▶ [Listed records]
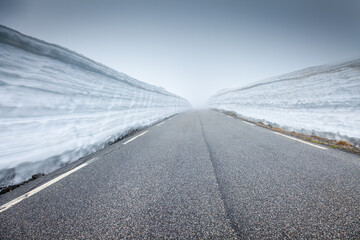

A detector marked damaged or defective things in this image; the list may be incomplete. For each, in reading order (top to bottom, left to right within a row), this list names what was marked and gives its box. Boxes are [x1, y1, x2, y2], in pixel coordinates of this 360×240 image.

crack in asphalt [198, 115, 243, 239]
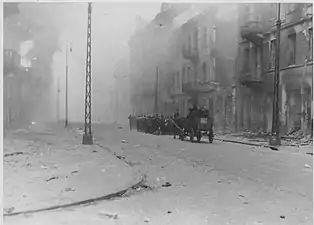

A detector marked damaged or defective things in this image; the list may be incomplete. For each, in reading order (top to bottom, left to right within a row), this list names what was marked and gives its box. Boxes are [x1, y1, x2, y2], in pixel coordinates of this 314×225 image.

damaged building facade [237, 3, 312, 135]
crack in pavement [3, 175, 153, 217]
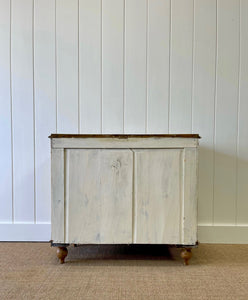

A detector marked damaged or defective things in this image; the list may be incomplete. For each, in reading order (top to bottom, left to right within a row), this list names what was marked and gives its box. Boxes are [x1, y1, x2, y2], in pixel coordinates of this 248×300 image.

chipped white paint [51, 137, 199, 245]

▶ [What is required] The lines from the one holding "this 248×300 image." to the last line of the entries, both included: retype them exactly and give nothing else.

▶ [Solution to this exercise]
A detector marked damaged or defective things in this image; the list may be incomplete. For each, in reading order (top to bottom, left to right within a row), this list names what was marked and gives its box. Boxes are [x1, y1, x2, y2], in pixel coordinates of this 248×300 image.

chipped white paint [51, 137, 199, 245]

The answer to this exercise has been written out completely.